Vary the diet as much as possible. The main feed is based on frozen food such as a fresh mixture of bloodworm, chicken liver, finely grated carrots and peas and other additives. Sinking pellets are given as a snack between their two meals daily. And as a boost for their libido, grindal worms once a week. Here’s a perfect partner for the slow witted and picky discus. They both thrive on the same type of diet, living space, water quality and best of all, the same type of tank mates. If you wouldn’t put it in a discus tank, don’t put it in with rams, it’s that simple.

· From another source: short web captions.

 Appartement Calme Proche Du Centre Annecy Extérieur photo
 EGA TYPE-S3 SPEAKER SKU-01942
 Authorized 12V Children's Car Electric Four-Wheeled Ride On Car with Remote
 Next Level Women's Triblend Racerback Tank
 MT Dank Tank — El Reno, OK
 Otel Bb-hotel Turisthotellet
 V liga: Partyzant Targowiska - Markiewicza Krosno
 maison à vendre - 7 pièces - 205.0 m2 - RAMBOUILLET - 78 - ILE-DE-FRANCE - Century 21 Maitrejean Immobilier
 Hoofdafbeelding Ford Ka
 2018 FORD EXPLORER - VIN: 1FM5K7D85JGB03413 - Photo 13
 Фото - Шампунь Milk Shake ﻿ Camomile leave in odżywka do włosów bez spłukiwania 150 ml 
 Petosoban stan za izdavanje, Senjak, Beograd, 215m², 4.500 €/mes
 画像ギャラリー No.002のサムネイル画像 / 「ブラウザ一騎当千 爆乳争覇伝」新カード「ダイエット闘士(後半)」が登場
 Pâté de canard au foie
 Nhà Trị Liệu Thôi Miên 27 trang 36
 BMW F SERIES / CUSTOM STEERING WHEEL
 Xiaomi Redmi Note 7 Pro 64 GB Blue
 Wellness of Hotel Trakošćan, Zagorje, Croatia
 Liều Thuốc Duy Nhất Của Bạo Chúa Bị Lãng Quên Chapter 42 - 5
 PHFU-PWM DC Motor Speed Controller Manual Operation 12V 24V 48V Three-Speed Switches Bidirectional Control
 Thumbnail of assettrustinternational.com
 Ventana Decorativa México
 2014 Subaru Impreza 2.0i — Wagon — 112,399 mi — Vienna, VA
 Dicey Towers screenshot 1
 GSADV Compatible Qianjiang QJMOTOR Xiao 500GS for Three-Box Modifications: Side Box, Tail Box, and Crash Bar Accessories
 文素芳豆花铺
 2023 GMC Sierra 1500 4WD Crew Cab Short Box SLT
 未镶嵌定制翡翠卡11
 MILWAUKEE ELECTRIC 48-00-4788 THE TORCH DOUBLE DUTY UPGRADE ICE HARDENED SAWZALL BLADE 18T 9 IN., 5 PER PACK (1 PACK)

Rams will lay their eggs almost anywhere, on plants, wood, rock, glass and even the gravel. Best of all: a small flat rock hidden among plants. The up to 200 eggs will hatch in 3 days and the fry will free swim in a further 4 days. For the first two days of their free swimming life, they struggle to eat the relatively large newly hatched brine shrimp. Infrusoria for the first two days followed by newly hatched brine shrimp is recommended. Losses should be expected if brine shrimp is only offered.

Baby rams are slow growers and picky eaters. Wean them slowly onto dry foods and frozen foods with the addition of live foods such as daphnia and small mozzie wrigglers. Females are capable of spawning at 3 months but males are only fully fertile at over 4 months. They are a short lived fish of up to 4 years, so breed them early to ensure successful generations.